LA Renters Face Fierce Competition Amid Rising Rents and Limited Housing

STATE WATCH

HOUSING - As California grapples with an ongoing housing crisis, renters in Greater Los Angeles face a new challenge — finding a home in an increasingly competitive market, beyond costs. According to our latest Rental Market Competitiveness Report, soaring lease renewals and slower construction have left fewer units available, driving up competition and making it harder for renters to find new housing options. 

Orange County is now California’s hottest rental market, while Eastern Los Angeles County ties for the state's highest occupancy rate at 96.0%, with 16 prospective renters competing for each available unit.
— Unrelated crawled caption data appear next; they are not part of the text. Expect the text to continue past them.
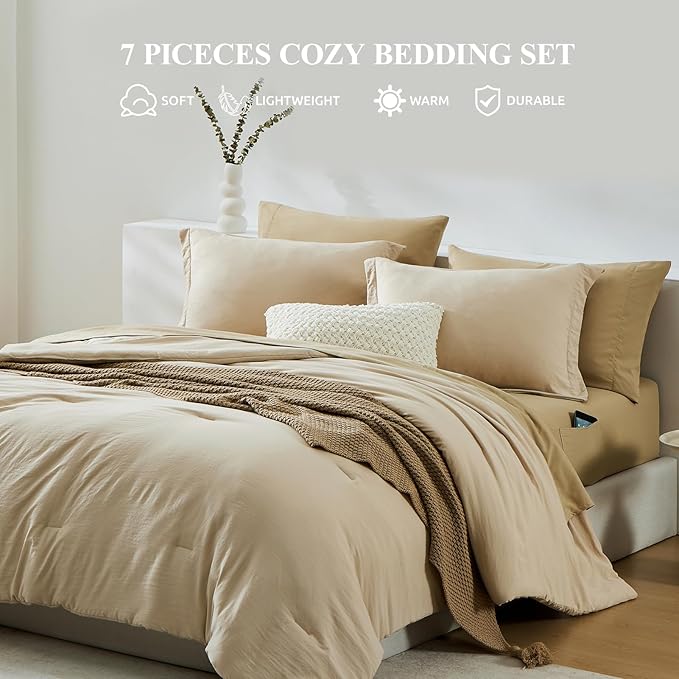 WRENSONGE Twin Comforter Set- 5 Pieces Beige, All Season Twin XL Bedding Sets with 1 Fitted Sheet, 1 Flat Sheet, 1 Pillow Sham and 1 Pillowcase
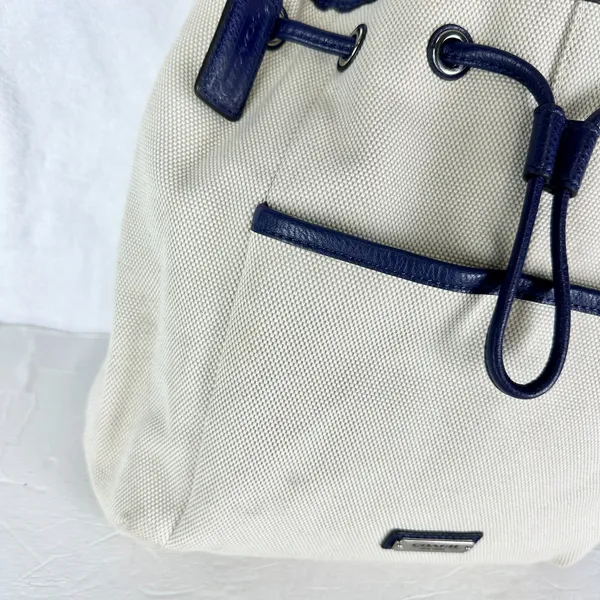Coach Avery Canvas Drawstring Bucket Bag Navy Cream F28913 - Image 8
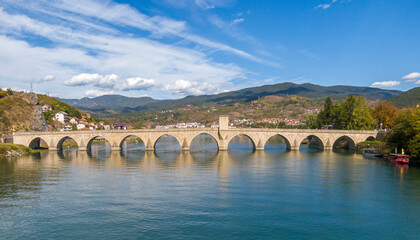 Aerial view in ancient bridge in Visegrad, Bosnia and Hercegovina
In contrast, Western Los Angeles County has the lowest competitiveness score (64.9) and occupancy rate (92.3%). Meanwhile, North LA is seeing rising competitiveness due to limited new construction.

Here’s what we found: 

  • Orange County is now California’s most challenging rental market. The competitiveness score surged to 80.0 (up from 70.5 last year), with a 95.5% occupancy rate and 12 renters competing per apartment. Limited new apartments entering the market—just 0.13% (down from last year’s 0.66%*)—combined with the highest lease renewal rate in the region at 63.5% (up from 61.0%), means even fewer options for prospective tenants. 
     
    Main cities: Irvine, Anaheim, Santa Ana, Fullerton, Costa Mesa, Huntington Beach, Tustin, Newport Beach, Orange, Garden Grove, Aliso Viejo, Buena Park and Laguna Niguel 
     
  • Eastern Los Angeles County holds the highest occupancy rate at 96.0%, with 16 renters competing per apartment (down from 20 in 2023). The competitiveness score rose to 76.8 (up from 68.9 last year). The lease renewal rate jumped to 54.2%, up significantly from last year’s 43.3%, while 0.47% of new apartments entered the market, a slight increase from 0.34%.
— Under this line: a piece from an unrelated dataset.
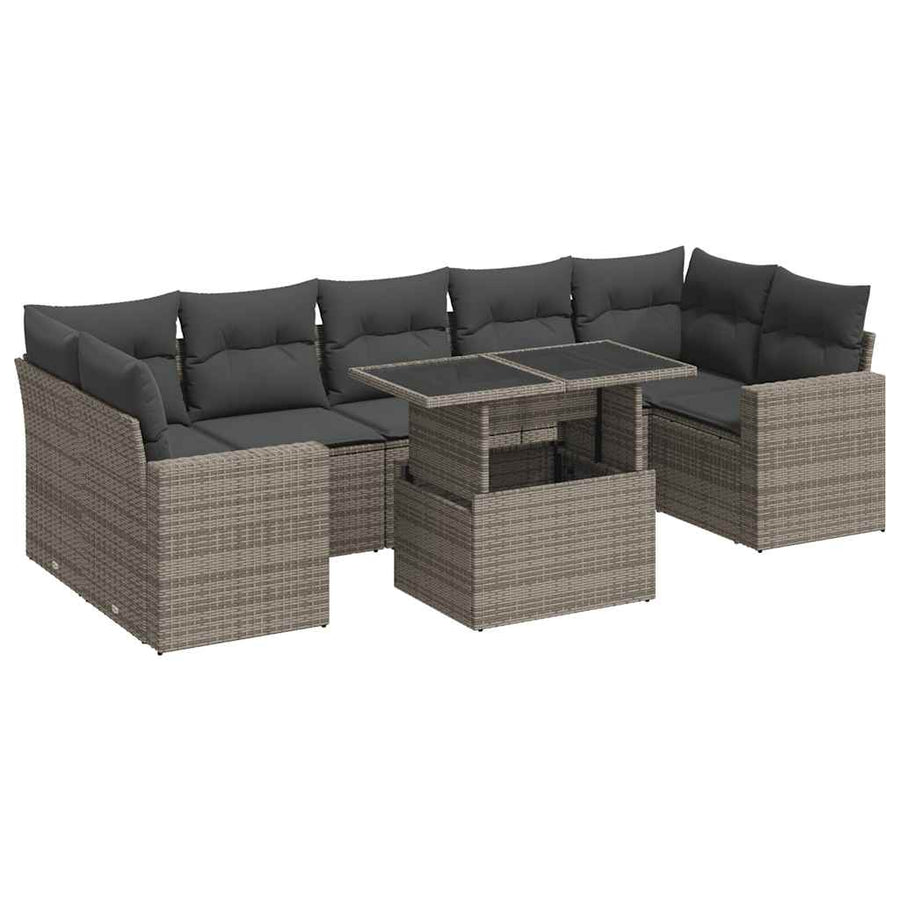 8-delige Loungeset met kussens poly rattan grijs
    Main cities: Long Beach, Eastern Los Angeles City, Pasadena, West Covina, Pomona, Rowland Heights, El Monte and Downey 
     
  • In North LA, fewer new apartments—just 0.11% (down from 0.45% last year)—have driven a sharp rise in competition. The competitiveness score climbed to 72.9 (up from 66.9), with an occupancy rate of 94.9% and 11 renters per unit. Also, the share of renters staying put increased to 52.8% (up from 49.9%).

    Main cities: Woodland Hills, Van Nuys, North Hollywood, Oxnard, Santa Clarita, Lancaster, Northridge, Canoga Park and Burbank 
     
  • Inland Empire renters face more pressure, with 13 renters per unit (up from 12 last year) and a competitiveness score of 71.5 (up from 65.9). While 0.45% of new apartments entered the market—a significant jump from last year’s 0.09%—demand still outpaces supply.
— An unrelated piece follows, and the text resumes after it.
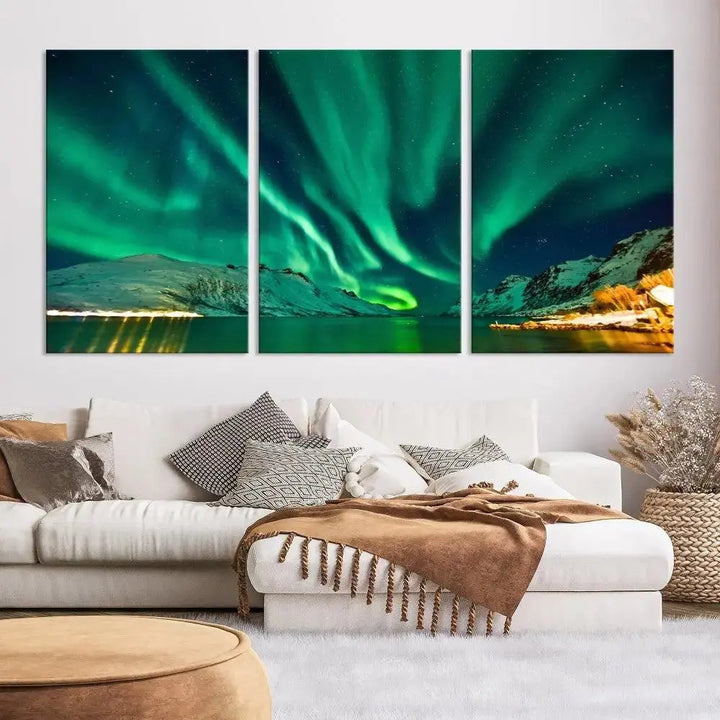 The living room showcases the Northern Lights Wall Art Canvas Print, crafted on museum-quality canvas with a UV-protective coating.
    Main cities: Riverside, Rancho Cucamonga, San Bernardino, Ontario, Moreno Valley, Corona, Fontana, Upland, Temecula and Indio 
     
  • Western Los Angeles County saw less pressure compared to other areas, but the competitiveness score rose to 64.9 (up from 58.0). Occupancy rates dipped slightly to 92.3% (down from 93.7%), and fewer new apartments entered the market, accounting for 0.30% of the stock (down from last year’s 1.08%). 

    Main cities: Western Los Angeles City, Marina Del Rey, Torrance, Santa Monica, Hawthorne, Hollywood, Culver City and Inglewood 

*The influx of new apartments at the beginning of peak rental season 2024 compared to the influx at the beginning of peak rental season 2023  

Why it matters for renters: With fewer new apartments and higher lease renewals across Greater Los Angeles, competition for available units is fiercer than ever. This trend could lead to longer searches for tenants, and limited options for those hoping to relocate within the area.